| WORK REQUIRED |
Word for word, copy the data that follows and skip its pictures.

Web page caption snippets:
....

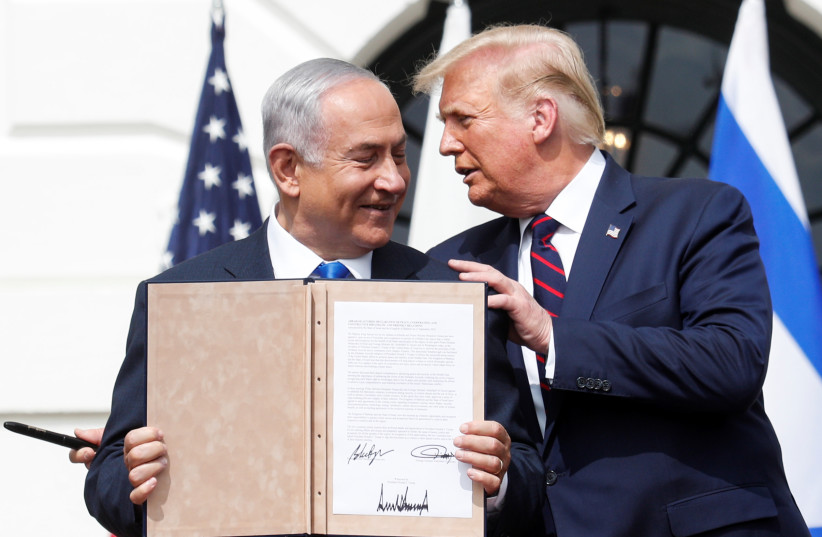  Israel's Prime Minister Benjamin Netanyahu stands with US President Donald Trump after signing the Abraham Accords, normalizing relations between Israel and some of its Middle East neighbors, in a strategic realignment of Middle Eastern countries against Iran, on the South Lawn of the White House i (credit: REUTERS/TOM BRENNER)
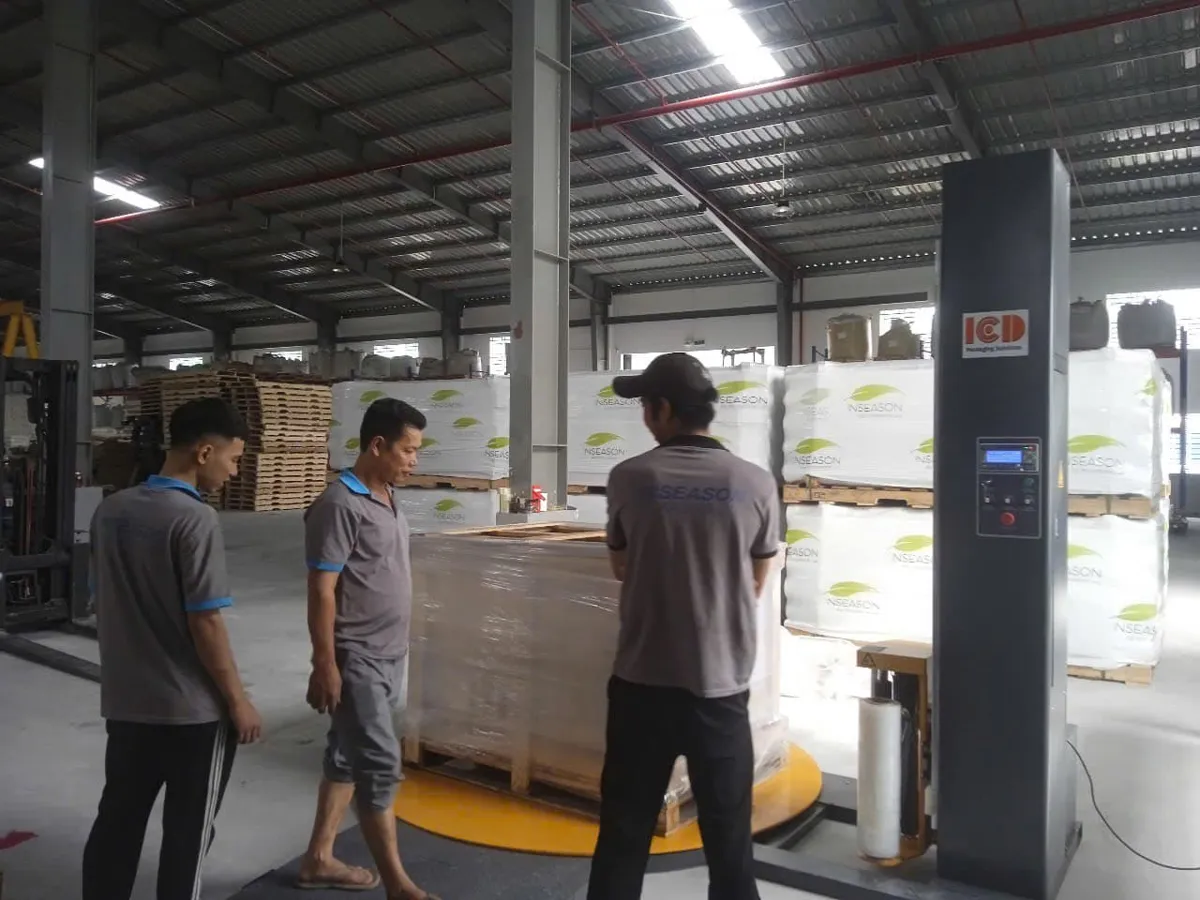 ICD-T1650F turntable pallet wrapping machine at a customer's plant with a staff member checking the load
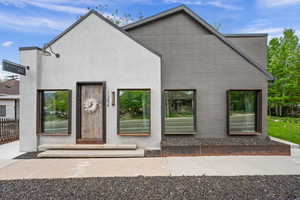 Rear view of house featuring stucco siding
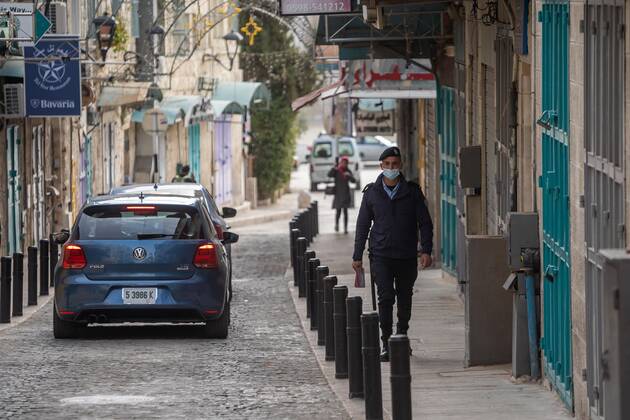 (210320) -- BETHLEHEM, March 20, 2021 -- A Palestinian police officer walks by closed shops in the West Bank city of Bethlehem, March 20, 2021. The Governor of Bethlehem announced on Thursday the closure of the governorate and a ban on all activities from Thursday evening until Sunday morning due to increasing numbers of COVID-19 infection. (Photo by Xinhua) MIDEAST-BETHLEHEM-COVID-19-LOCKDOWN LuayxSababa 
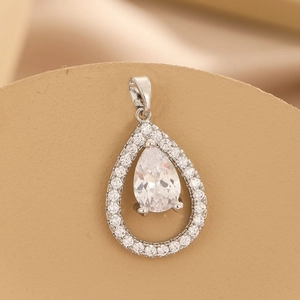 Elegant silver teardrop necklace with pear-cut zircon and halo stones on beige background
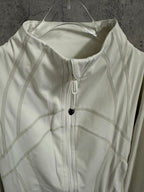 White jacket close-up with front zipper, stand collar, and stitched seam panels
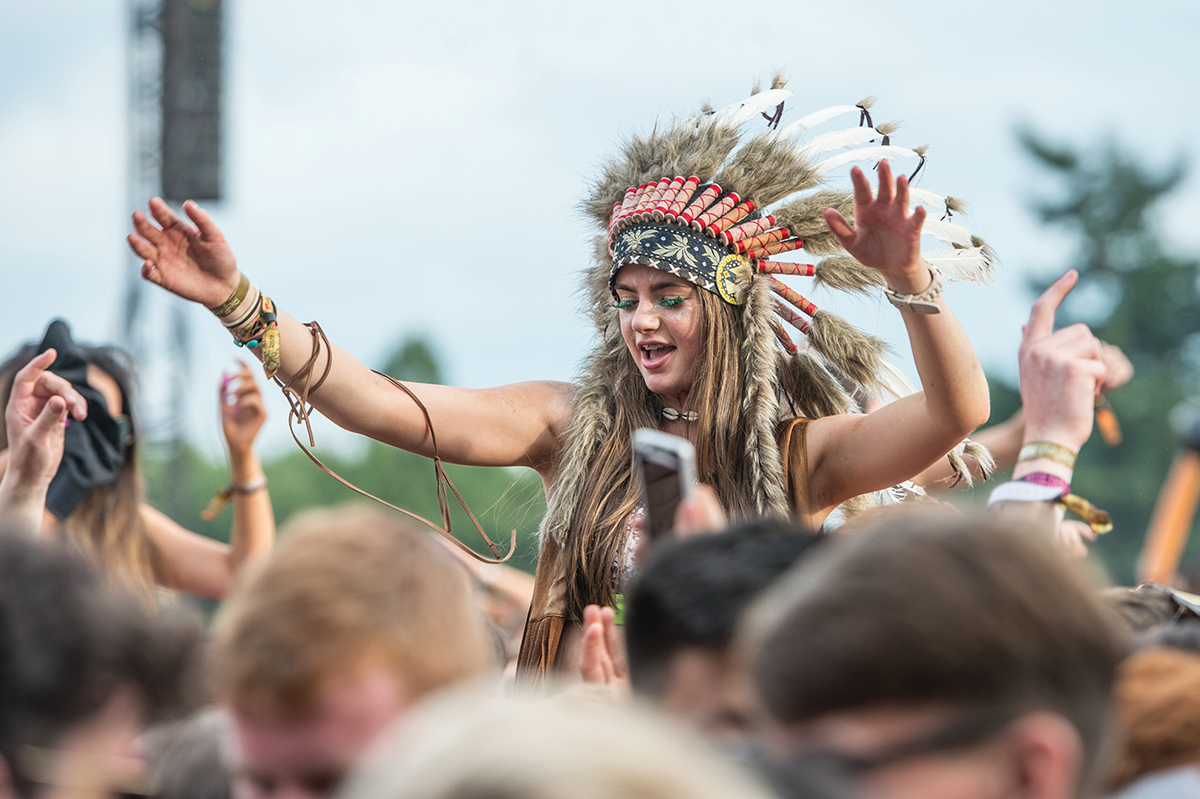 A music festival reveller in 2015. Several music festivals have now banned headdresses. Photo by Ollie Millington/WireImage/Getty Images
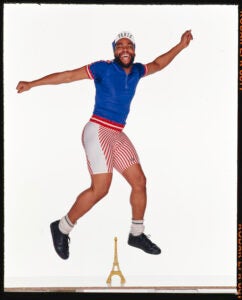 Man in active wear poses jumping above a small model of the Eiffel Tower with arms outstretched.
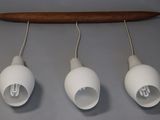 three white lights hanging from a wooden pole on a gray wall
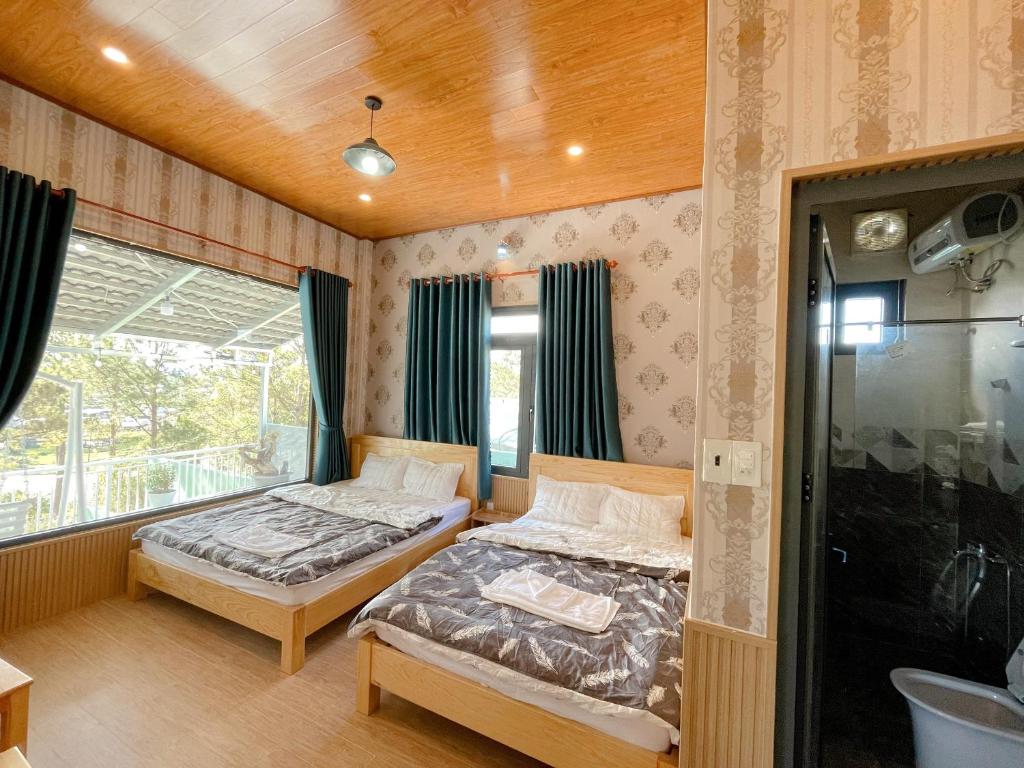 大叻Cẩm Tú Villa Đà Lạt的一间卧室设有两张床和窗户。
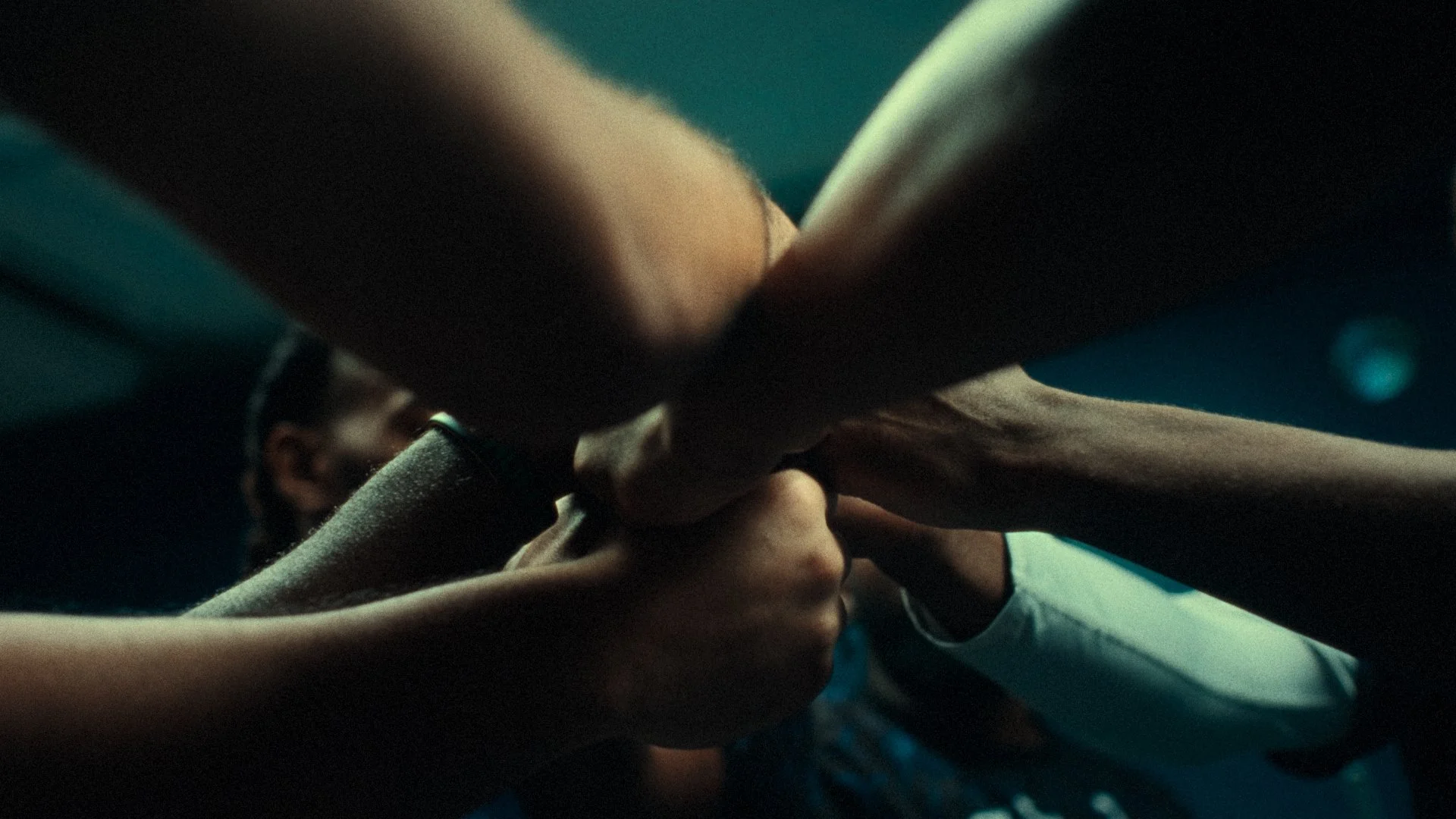 Close-up of multiple hands gripping each other's wrists in a group gesture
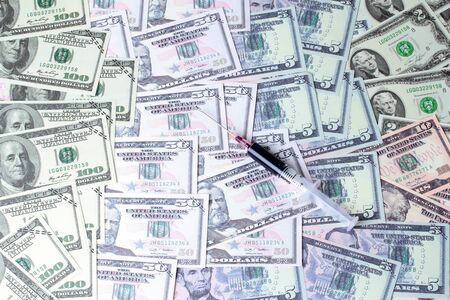 Varites dollar money ,The USA banknote ,and blood in syringe on banknotes lay spread double.の写真素材
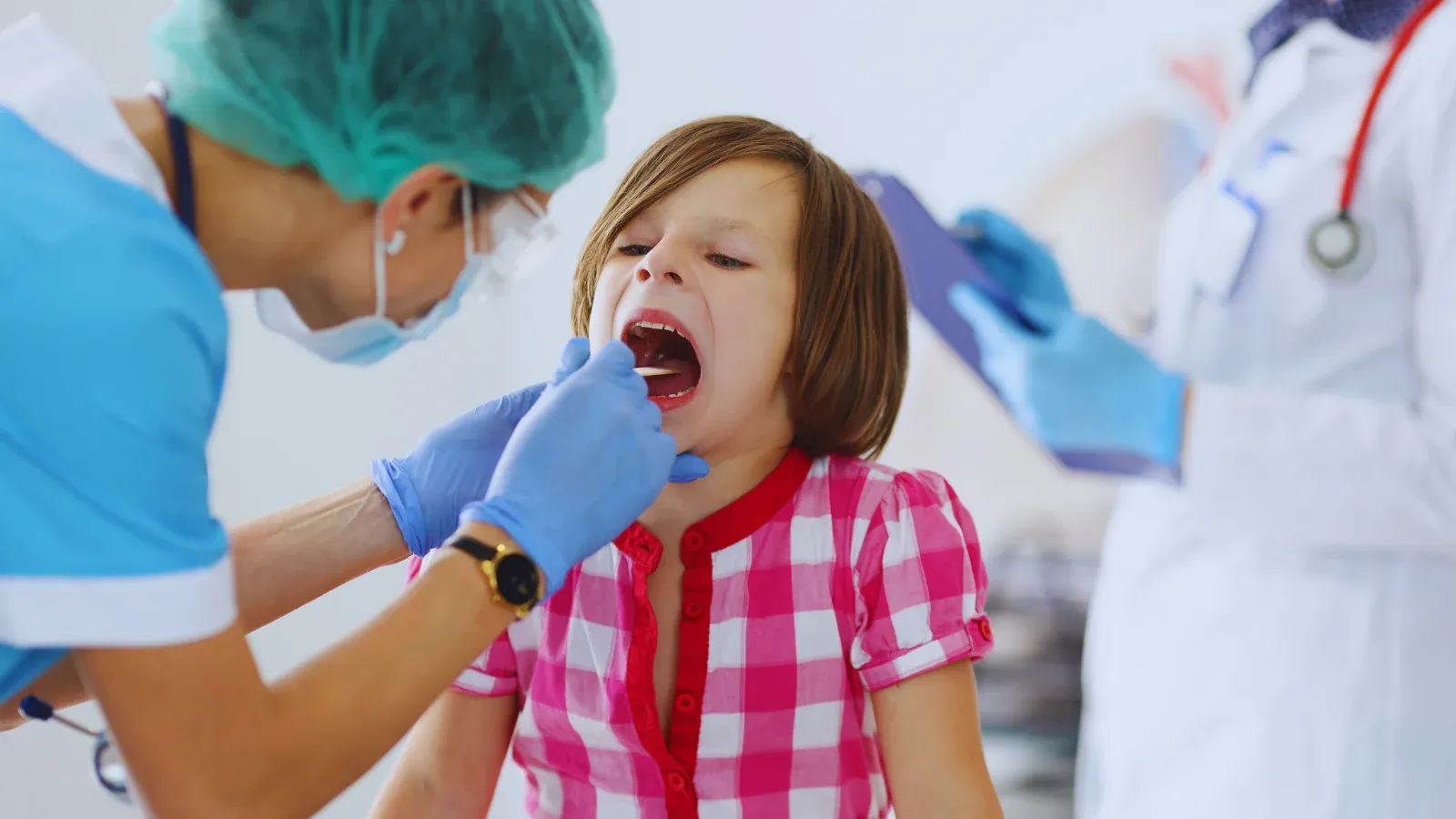Doctor is examining a child for Adenoidectomy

....

| ANSWER |
  Israel's Prime Minister Benjamin Netanyahu stands with US President Donald Trump after signing the Abraham Accords, normalizing relations between Israel and some of its Middle East neighbors, in a strategic realignment of Middle Eastern countries against Iran, on the South Lawn of the White House i (credit: REUTERS/TOM BRENNER)
 ICD-T1650F turntable pallet wrapping machine at a customer's plant with a staff member checking the load
 Rear view of house featuring stucco siding
 (210320) -- BETHLEHEM, March 20, 2021 -- A Palestinian police officer walks by closed shops in the West Bank city of Bethlehem, March 20, 2021. The Governor of Bethlehem announced on Thursday the closure of the governorate and a ban on all activities from Thursday evening until Sunday morning due to increasing numbers of COVID-19 infection. (Photo by Xinhua) MIDEAST-BETHLEHEM-COVID-19-LOCKDOWN LuayxSababa 
 Elegant silver teardrop necklace with pear-cut zircon and halo stones on beige background
 White jacket close-up with front zipper, stand collar, and stitched seam panels
 A music festival reveller in 2015. Several music festivals have now banned headdresses. Photo by Ollie Millington/WireImage/Getty Images
 Man in active wear poses jumping above a small model of the Eiffel Tower with arms outstretched.
 three white lights hanging from a wooden pole on a gray wall
 大叻Cẩm Tú Villa Đà Lạt的一间卧室设有两张床和窗户。
 Close-up of multiple hands gripping each other's wrists in a group gesture
 Varites dollar money ,The USA banknote ,and blood in syringe on banknotes lay spread double.の写真素材
Doctor is examining a child for Adenoidectomy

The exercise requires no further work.